Proposed Housing Rule May Mean You Won’t Be Able to Afford Your Dream Home — Dollars and Sense
If you had to put 20 percent down to buy a house, would you be able to do so?
A new study from the Center for Responsible Lending at the University of North Carolina says most people wouldn’t — and it could have dramatic and negative effects on the struggling housing market.
Some federal agencies are considering the rule to help avoid another mortgage debacle like the one that led to roughly five million foreclosures in the past few years. But since the average home in the US costs about $273,000, that would mean prospective buyers would need nearly $55,000 as a down payment to qualify.
The new study says that while this would certainly result in fewer defaults, enforcing such a mandate would nonetheless “would be a mistake for [both] business and consumers.”
Requiring a 20 percent down payment, the report states, would push 60 percent of buyers out of the running for many less expensive mortgages, though many might still qualify for higher-cost loans. In particular, African-American and Latino buyers would be hurt the most, with up to three-quarters of them unable to qualify for the more attractive mortgages requiring 20 percent down.
The report goes on to say the foreclosures avoided by such a rule wouldn’t be worth it: “We find that imposing 80 percent loan-to-value (LTV) ratio requirements on qualified mortgages (QM) would exclude 10 otherwise creditworthy borrowers to prevent one foreclosure.”

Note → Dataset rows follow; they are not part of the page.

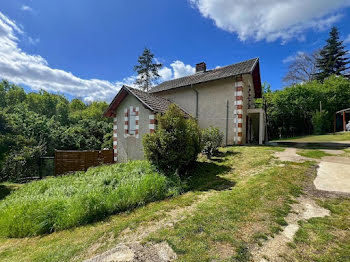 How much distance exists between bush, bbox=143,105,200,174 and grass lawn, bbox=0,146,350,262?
4.12 ft

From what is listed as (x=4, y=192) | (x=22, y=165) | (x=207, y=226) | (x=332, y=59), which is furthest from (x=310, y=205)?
(x=332, y=59)

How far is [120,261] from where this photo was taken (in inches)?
88.7

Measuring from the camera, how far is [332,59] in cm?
3344

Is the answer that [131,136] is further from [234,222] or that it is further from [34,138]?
[34,138]

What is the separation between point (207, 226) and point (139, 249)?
1192 millimetres

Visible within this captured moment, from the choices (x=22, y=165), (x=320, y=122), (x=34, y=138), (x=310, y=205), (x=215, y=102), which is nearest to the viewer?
(x=310, y=205)

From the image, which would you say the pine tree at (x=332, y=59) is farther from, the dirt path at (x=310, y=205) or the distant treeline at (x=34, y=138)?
the distant treeline at (x=34, y=138)

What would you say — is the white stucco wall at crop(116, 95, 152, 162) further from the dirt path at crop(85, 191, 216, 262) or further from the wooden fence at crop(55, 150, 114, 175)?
the dirt path at crop(85, 191, 216, 262)

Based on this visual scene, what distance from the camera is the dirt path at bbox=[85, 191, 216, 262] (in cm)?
229

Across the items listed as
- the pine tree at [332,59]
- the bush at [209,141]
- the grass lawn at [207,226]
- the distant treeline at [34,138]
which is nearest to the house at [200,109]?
the bush at [209,141]

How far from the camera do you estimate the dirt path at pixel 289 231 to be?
2.25m

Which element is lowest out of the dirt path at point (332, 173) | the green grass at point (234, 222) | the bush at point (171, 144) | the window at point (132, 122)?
the green grass at point (234, 222)

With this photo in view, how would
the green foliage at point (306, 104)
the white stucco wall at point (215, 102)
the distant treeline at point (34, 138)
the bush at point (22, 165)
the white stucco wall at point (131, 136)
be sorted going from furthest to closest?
the green foliage at point (306, 104) < the bush at point (22, 165) < the white stucco wall at point (215, 102) < the distant treeline at point (34, 138) < the white stucco wall at point (131, 136)

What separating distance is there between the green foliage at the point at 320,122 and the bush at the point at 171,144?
2182cm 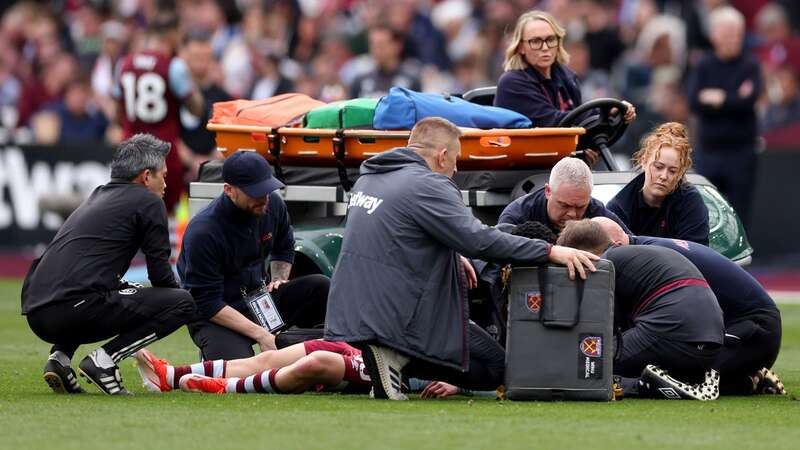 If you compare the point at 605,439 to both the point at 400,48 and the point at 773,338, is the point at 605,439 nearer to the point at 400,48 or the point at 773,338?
the point at 773,338

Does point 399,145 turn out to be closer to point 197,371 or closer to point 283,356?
point 283,356

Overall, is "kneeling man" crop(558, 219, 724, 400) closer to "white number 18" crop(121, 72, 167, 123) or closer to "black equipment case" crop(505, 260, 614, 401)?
"black equipment case" crop(505, 260, 614, 401)

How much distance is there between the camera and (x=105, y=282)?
9.09 meters

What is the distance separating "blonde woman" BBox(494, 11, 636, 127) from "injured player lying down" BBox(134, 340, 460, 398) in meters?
2.65

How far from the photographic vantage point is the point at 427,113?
10.8 metres

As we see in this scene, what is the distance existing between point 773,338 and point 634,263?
0.98 m

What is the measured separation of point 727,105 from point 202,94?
508 centimetres

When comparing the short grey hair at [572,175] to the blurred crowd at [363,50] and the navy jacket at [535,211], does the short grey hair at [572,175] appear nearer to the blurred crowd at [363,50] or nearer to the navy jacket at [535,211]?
the navy jacket at [535,211]

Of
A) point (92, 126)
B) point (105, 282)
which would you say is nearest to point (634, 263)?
point (105, 282)

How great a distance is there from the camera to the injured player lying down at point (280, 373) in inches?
357

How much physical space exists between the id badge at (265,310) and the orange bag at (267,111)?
176 centimetres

But other analysts say it’s time to enact the more rigorous standards. Dean Barker, co-director for the Center for Economic and Policy Research, told the Huffington Post, “[We] just had a horrible housing bubble burst and wreck the economy for a decade in large part because banks were able to pass on junk mortgages at no risk. This is an incredibly modest provision that will have no impact on creditworthy borrowers.”